- **YOUR INSTRUCTIONS**: Starting at the line below with "Gala Clausura Y" and stopping at the line with "10211 Glenmere Crk", please print each line exactly, those two included, and skip every picture.

- **RECORDS PROVIDED**:
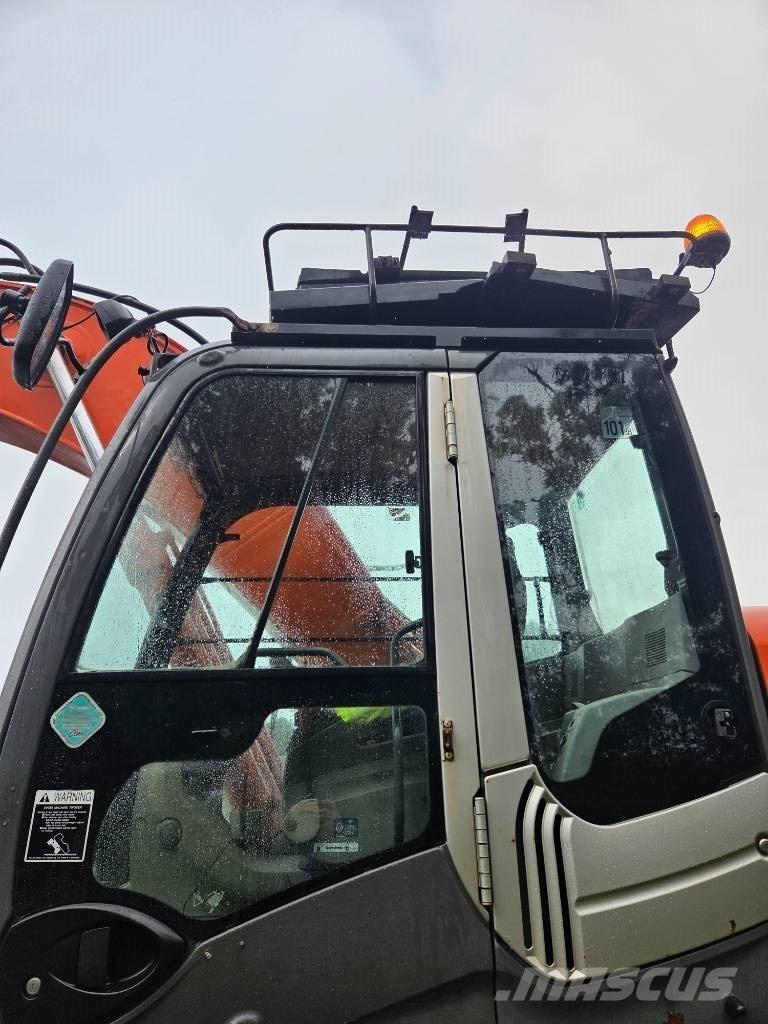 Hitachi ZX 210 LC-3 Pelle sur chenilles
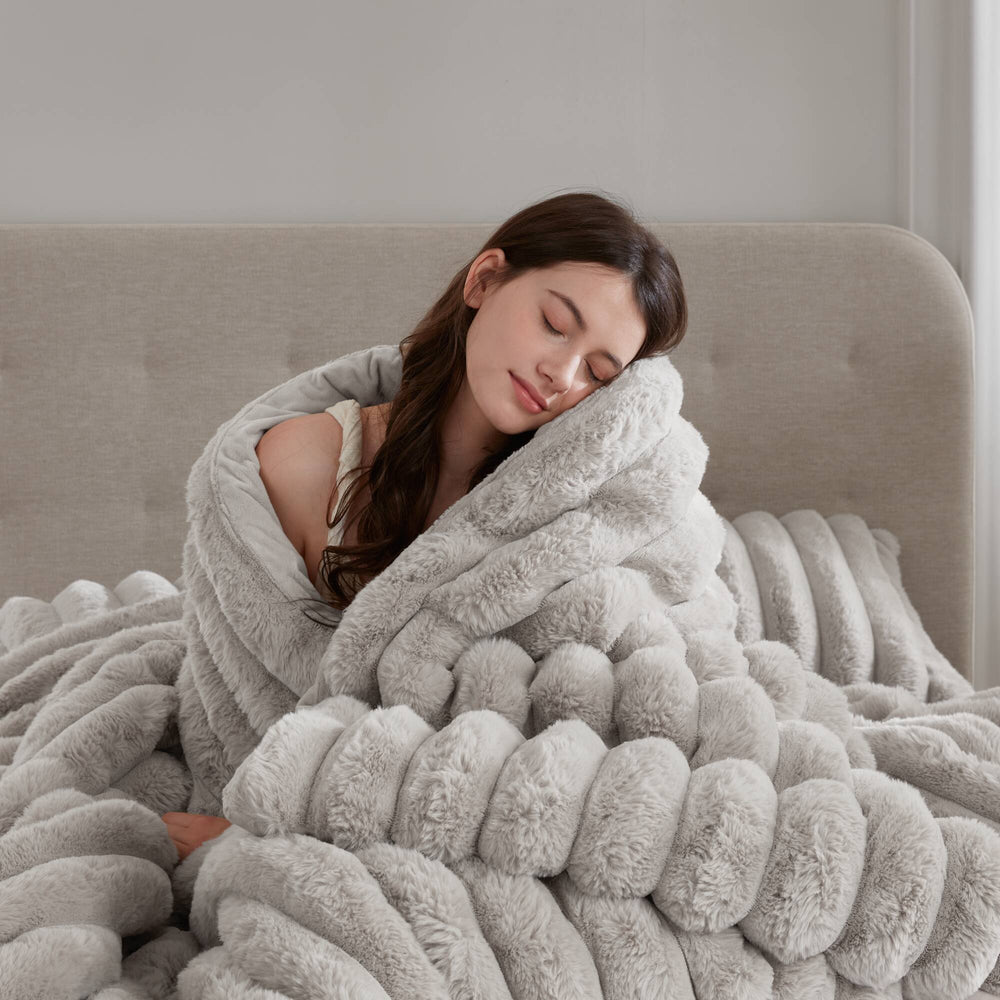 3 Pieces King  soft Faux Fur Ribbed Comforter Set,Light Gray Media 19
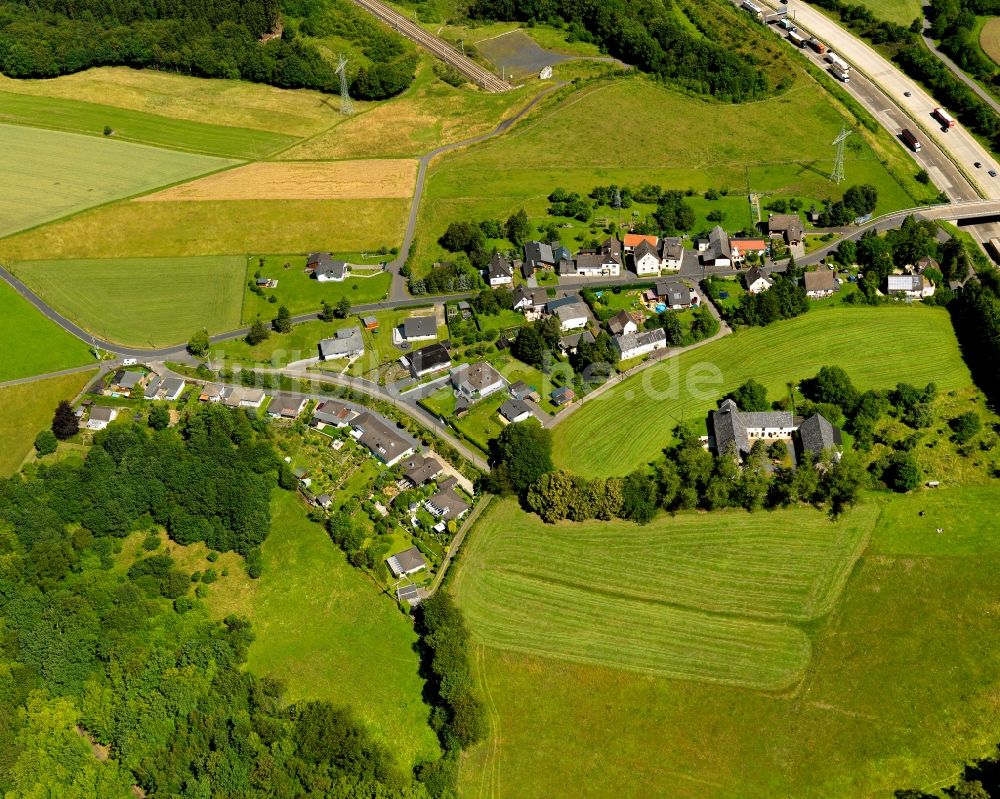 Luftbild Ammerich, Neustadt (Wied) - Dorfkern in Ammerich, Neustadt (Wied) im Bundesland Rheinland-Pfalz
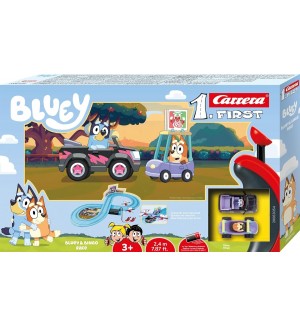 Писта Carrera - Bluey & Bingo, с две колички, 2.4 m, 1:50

==

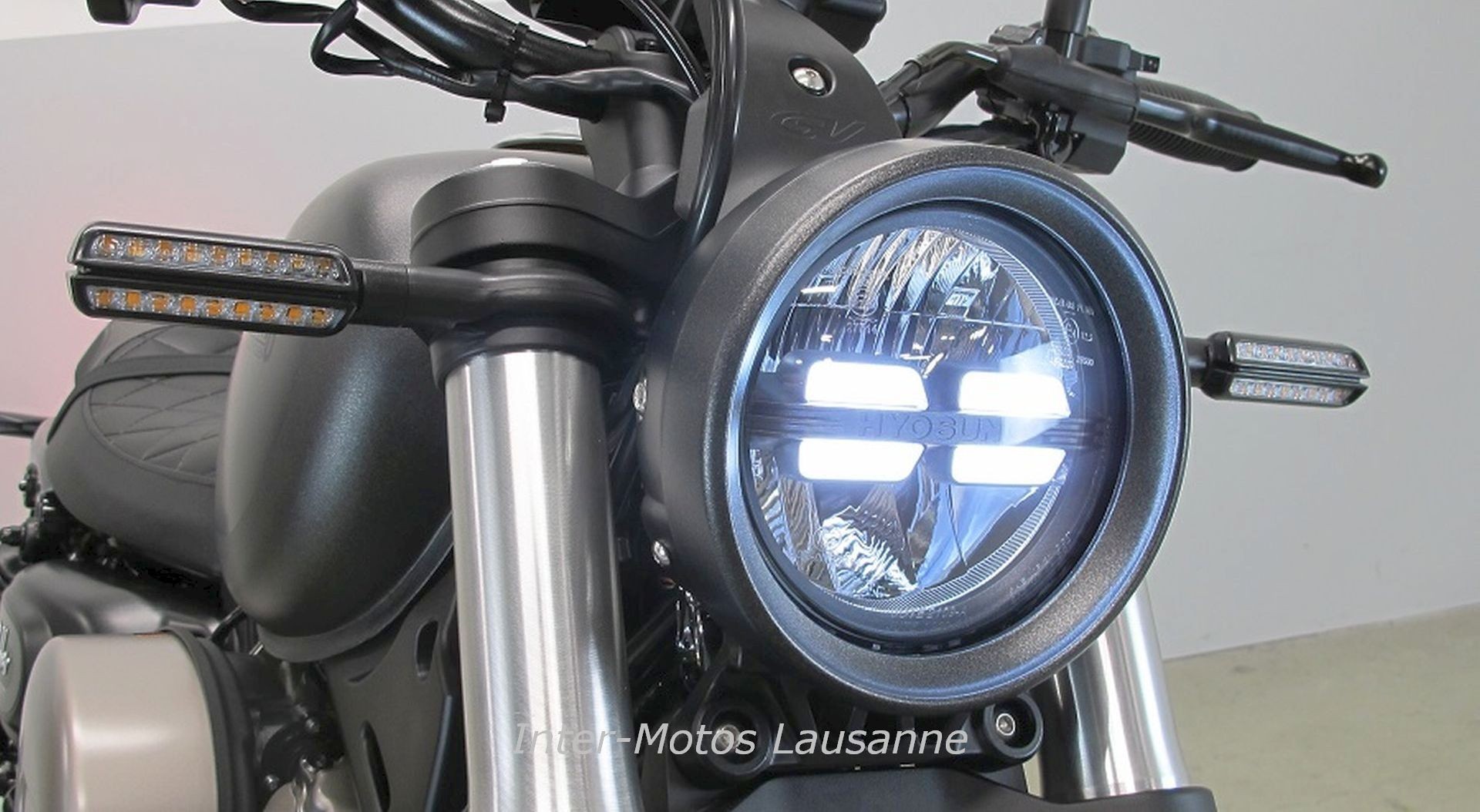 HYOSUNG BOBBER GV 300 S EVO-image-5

--

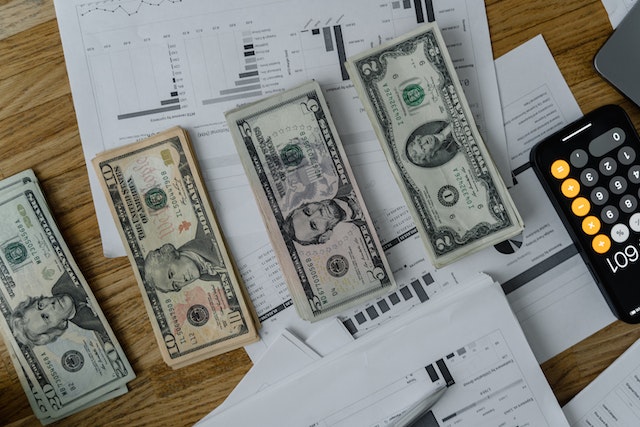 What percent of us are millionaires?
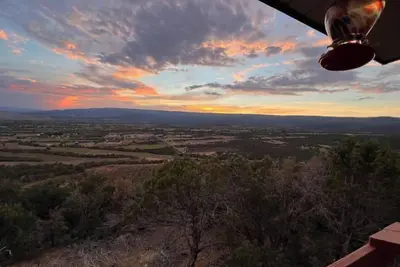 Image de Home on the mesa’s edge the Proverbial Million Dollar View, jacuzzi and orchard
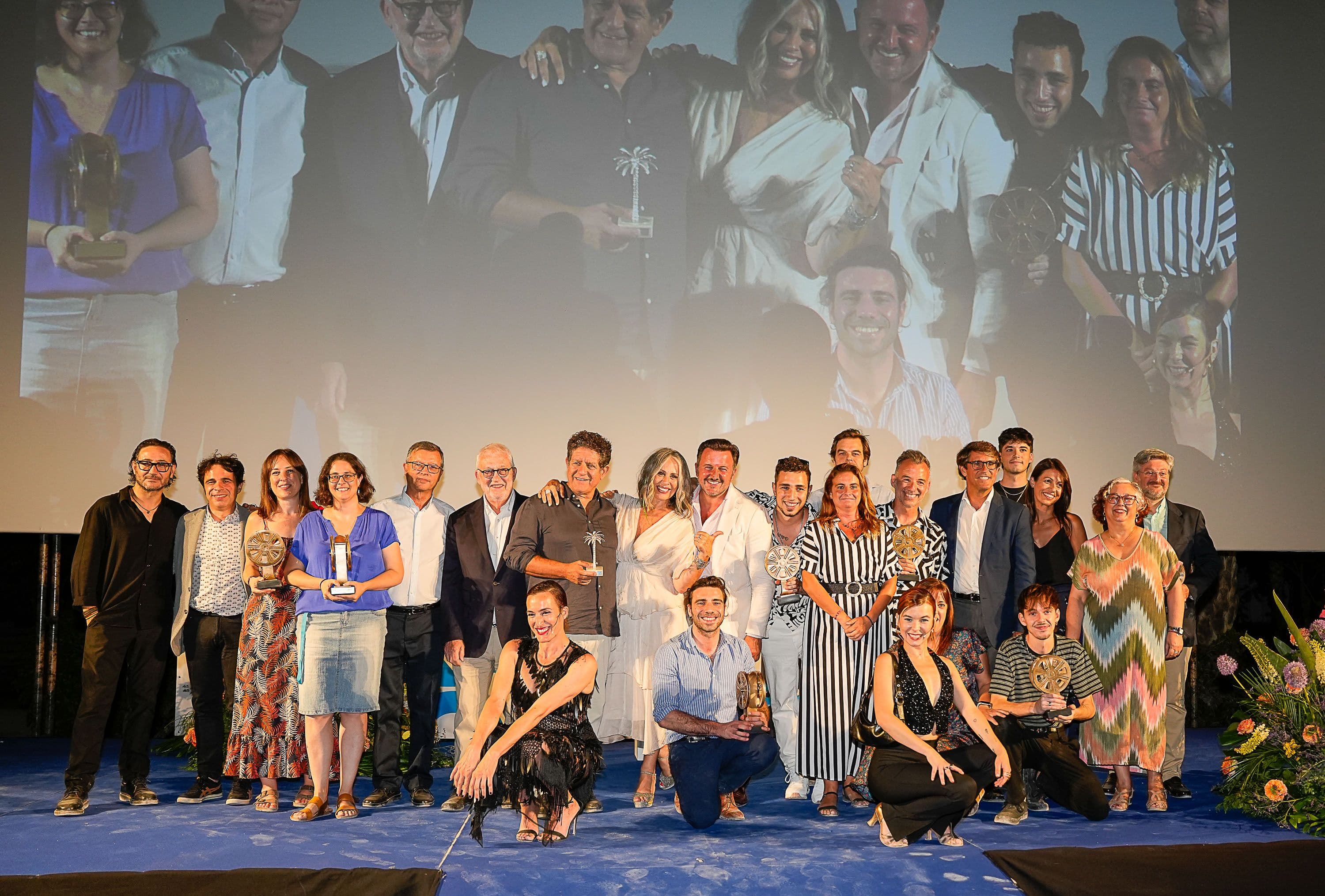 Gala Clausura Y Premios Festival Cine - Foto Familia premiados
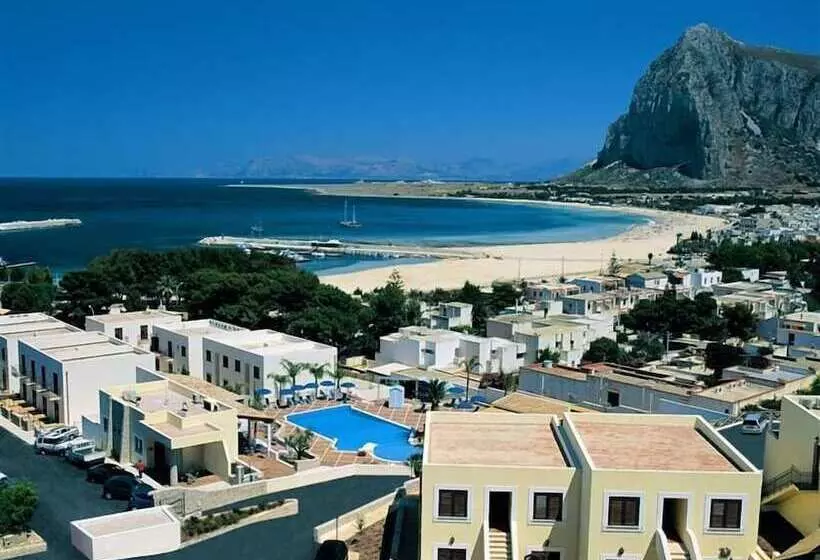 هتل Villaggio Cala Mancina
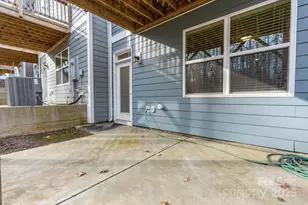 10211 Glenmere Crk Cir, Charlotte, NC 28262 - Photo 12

- **COMPLETED EXERCISE**:
 Gala Clausura Y Premios Festival Cine - Foto Familia premiados
 هتل Villaggio Cala Mancina
 10211 Glenmere Crk Cir, Charlotte, NC 28262 - Photo 12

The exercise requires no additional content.